Instructions to follow
Return each line exactly as written. Begin with the first line of the entries and end with the line that has "lumiétoile initial 项链 K".

*** Data ***

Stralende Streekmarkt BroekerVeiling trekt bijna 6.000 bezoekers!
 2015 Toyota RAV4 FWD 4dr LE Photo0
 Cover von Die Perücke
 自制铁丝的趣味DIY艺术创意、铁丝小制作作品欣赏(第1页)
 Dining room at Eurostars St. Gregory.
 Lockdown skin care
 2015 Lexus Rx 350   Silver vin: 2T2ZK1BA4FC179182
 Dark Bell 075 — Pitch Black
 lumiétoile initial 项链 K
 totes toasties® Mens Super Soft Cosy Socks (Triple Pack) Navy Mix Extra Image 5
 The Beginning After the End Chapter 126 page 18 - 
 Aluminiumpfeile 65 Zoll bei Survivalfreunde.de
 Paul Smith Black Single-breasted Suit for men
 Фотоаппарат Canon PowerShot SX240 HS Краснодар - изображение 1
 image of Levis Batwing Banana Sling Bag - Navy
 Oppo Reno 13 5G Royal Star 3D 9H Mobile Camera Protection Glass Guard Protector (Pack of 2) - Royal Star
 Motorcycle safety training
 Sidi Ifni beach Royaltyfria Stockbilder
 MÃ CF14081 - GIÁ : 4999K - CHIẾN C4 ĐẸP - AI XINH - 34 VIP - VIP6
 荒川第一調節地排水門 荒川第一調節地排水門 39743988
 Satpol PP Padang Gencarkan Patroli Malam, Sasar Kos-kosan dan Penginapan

*** End of Data ***

Result for this exercise
Stralende Streekmarkt BroekerVeiling trekt bijna 6.000 bezoekers!
 2015 Toyota RAV4 FWD 4dr LE Photo0
 Cover von Die Perücke
 自制铁丝的趣味DIY艺术创意、铁丝小制作作品欣赏(第1页)
 Dining room at Eurostars St. Gregory.
 Lockdown skin care
 2015 Lexus Rx 350   Silver vin: 2T2ZK1BA4FC179182
 Dark Bell 075 — Pitch Black
 lumiétoile initial 项链 K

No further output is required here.